Lizzie Reid @ The Glad Cafe, 1 June

Fresh from supporting Paolo Nutini, Lizzie Reid wows a sold-out crowd at Glasgow's Glad Cafe, enchanting them with melodies of love, heartbreak, solitude and hope

Live Review by Raph Boyd | 07 Jun 2022
  • Lizzie Reid

In the backroom of the Glad Cafe in Glasgow, a small crowd has begun to gather for the first of Lizzie Reid’s three sold-out nights at the venue. This is Reid’s first headlining show of the year, but there should be no ring rust: she’s fresh from supporting Paolo Nutini in front of a huge, rhapsodic crowd in Oban a few nights earlier.

Before Reid steps onstage, we’re treated to an opening set from Tinyumbrellas. It’s a treat, with the English singer-songwriter lulling the growing audience with a short set that includes tracks such as Please Don’t Make This Weird and ending with the short and sweet minute-long ballad Tough to Be a Bug. It was calming, uplifting, and the perfect appetiser for what’s to come.

After a short calm, during which the room fills to capacity, Reid and her band enter the small, brightly lit stage and begin with the silky ballad Always Lovely. Clad in a white blouse and plain black trousers, the simplicity of her outfit contrasts with the density of her words.

She leads us through a maze of yearning and desperate affection, with ballads like Seamless and Soda Pop Stream feeling like they are being sung for us rather than at us.

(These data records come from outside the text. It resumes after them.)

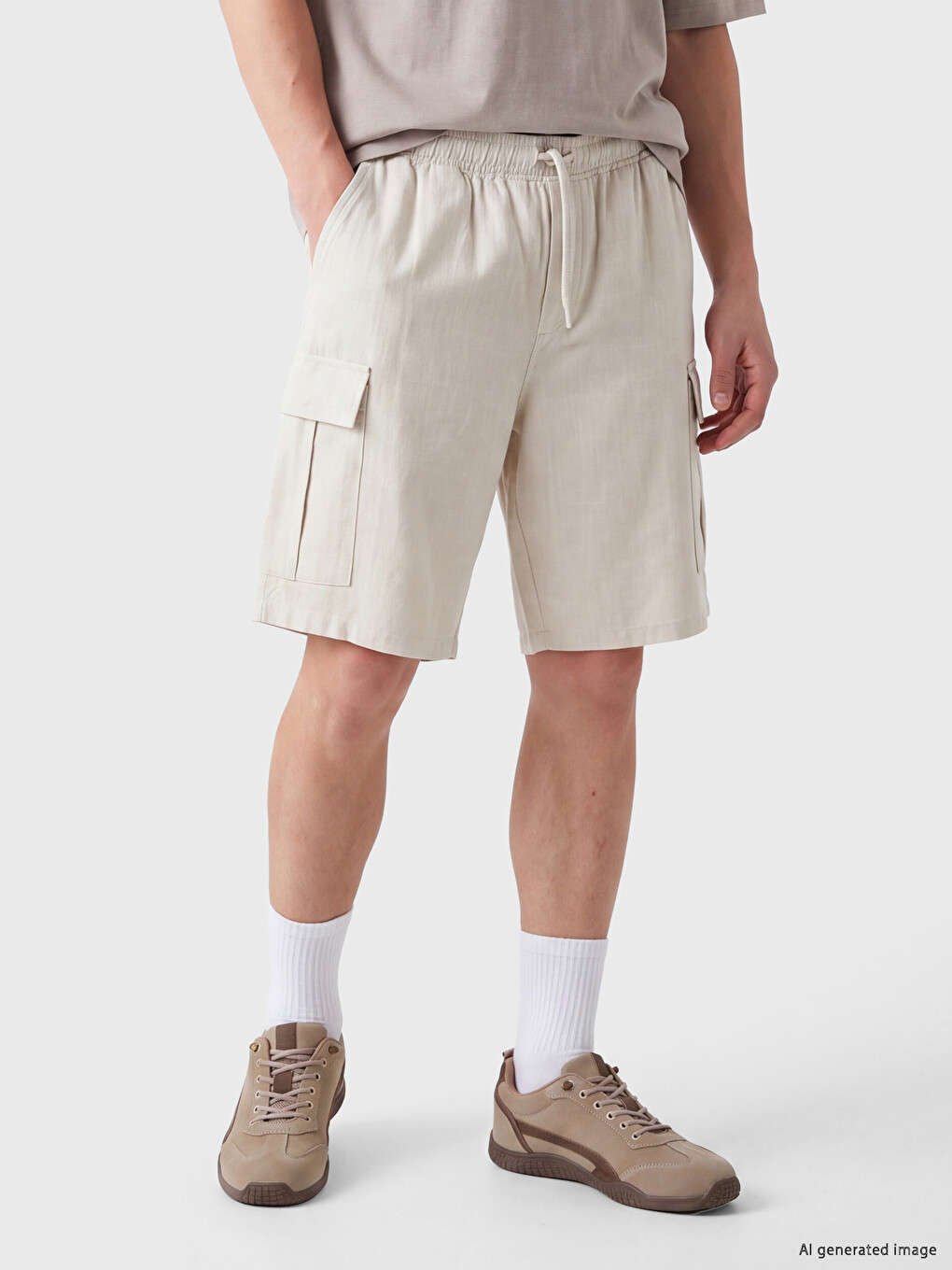 Bej Regular Fit Erkek Kargo Şort-1
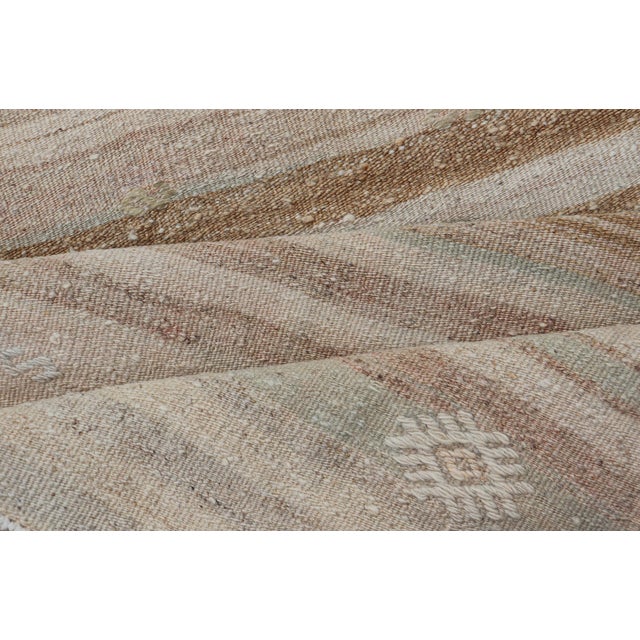 Turkish Vintage Kilim Stripe Runner in Earth Tones 2'5" X6'4" For Sale - Image 16 of 17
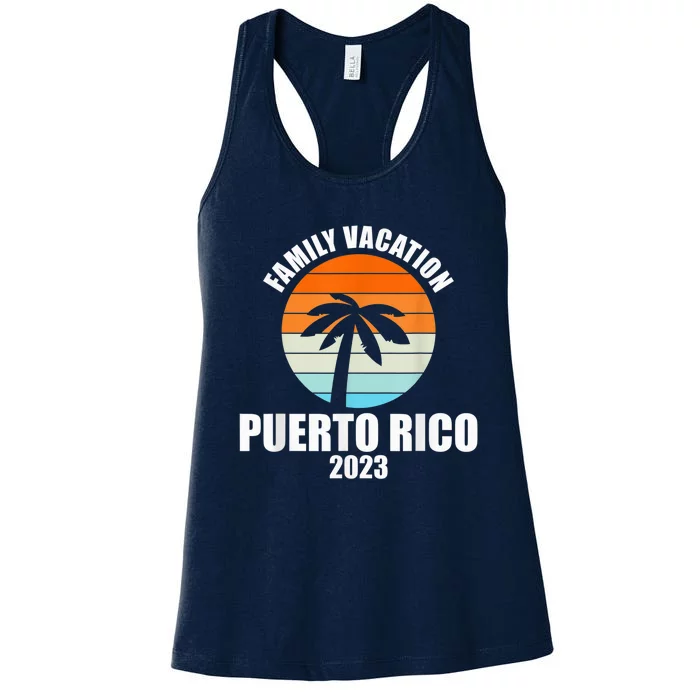 Puerto Rico Family Vacation Happy Summer Matching Holiday Women's Racerback Tank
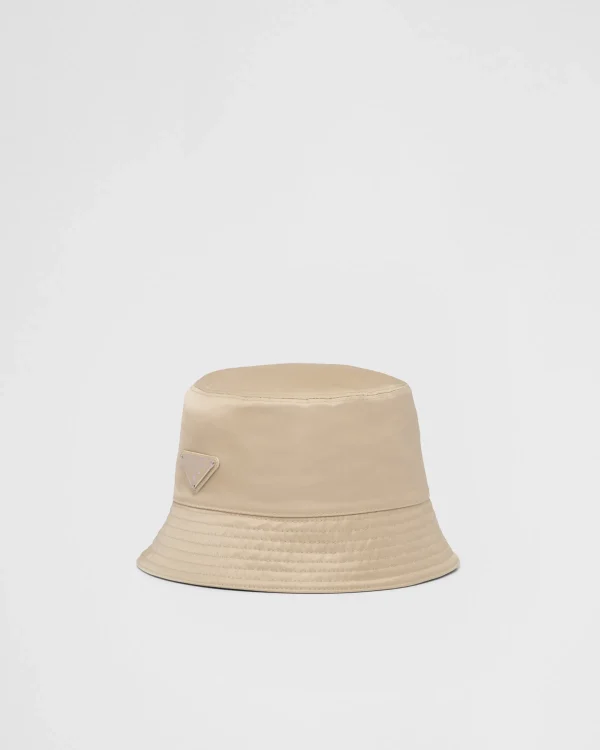 Hats And Gloves*Prada Re-Nylon bucket hat Desertbeige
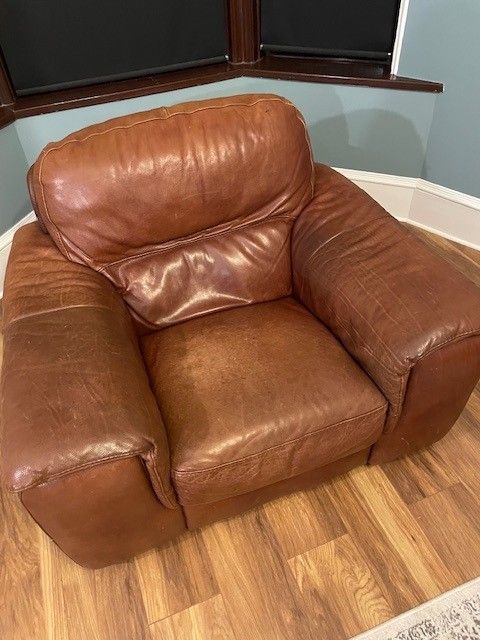 image for Brown Leather, 3 Piece Sofa and Foot/Storage Stool 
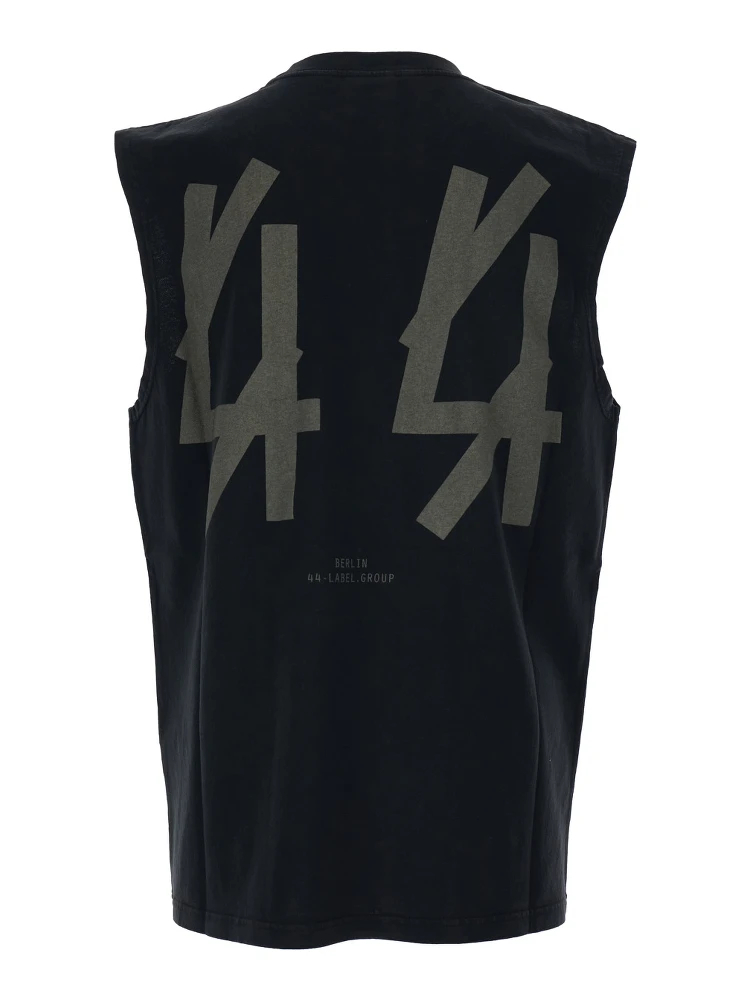 Black Sleeveless Crewneck Top with Logo Detail on the Front and Maxi Logo Print on the Rear in Cotton Man alternative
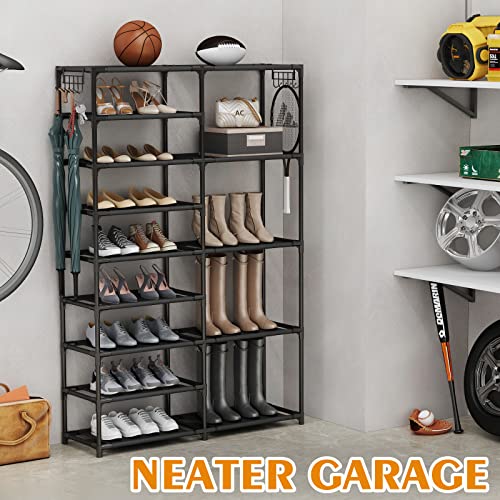 CSXGBAB Tall Garage Shoe Rack Large Capacity,Two Rows Versatile Hooks Storage Boot Shelf Black 24-35 Pairs - size: 9-tier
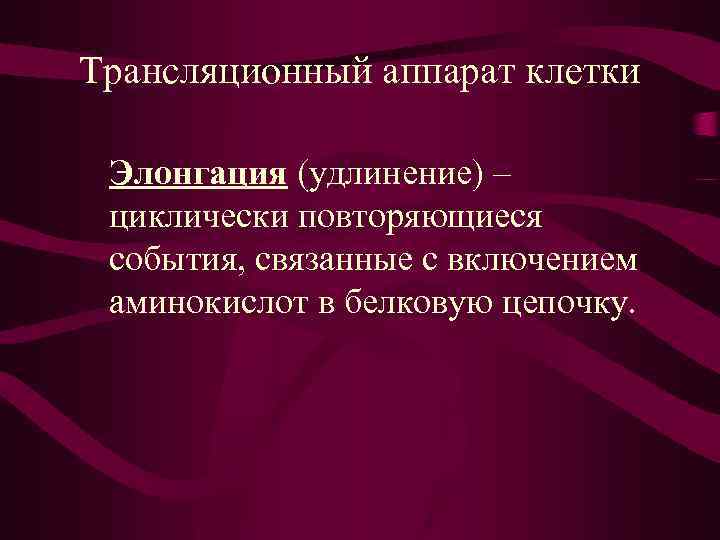 Трансляционный аппарат клетки Элонгация (удлинение) – циклически повторяющиеся события, связанные с включением аминокислот в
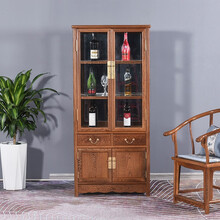 寻古红木家具非洲鸡翅木（学名：非洲崖豆木）酒柜实木新中式客厅酒橱储物柜置物架玻璃展示柜O 单个：长78*宽36*高176cm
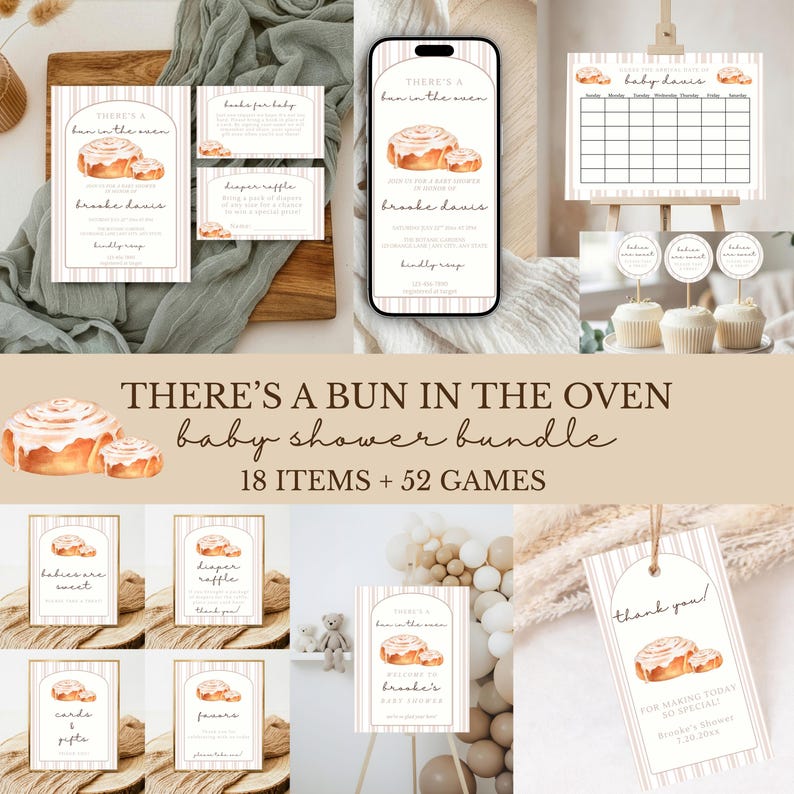 Gift Raffle Border Bun in the Oven Baby Shower Invitation Bundle | Cinnamon Roll Baby ...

Between some songs Reid tells us how they came about, some inspired by lengthy periods of her life, and others fuelled by fleeting feelings of isolation and sadness, with lockdown mentioned as a trigger.

Around halfway through the set, Reid points out a piano located against the wall beside the stage and, as we, her captive audience, shift around in fairly unrealistic hopes of getting a prime view of the performance, she proceeds to play the striking How Do I Show My Love?, her newest release, before returning to the stage and performing the as-yet-unreleased Norah, a stunning tune that stays with you like a bruise. The likes of Company Car follow before Reid announces that the excellent Cubicle will be the last of the night, to murmurs of disappointment.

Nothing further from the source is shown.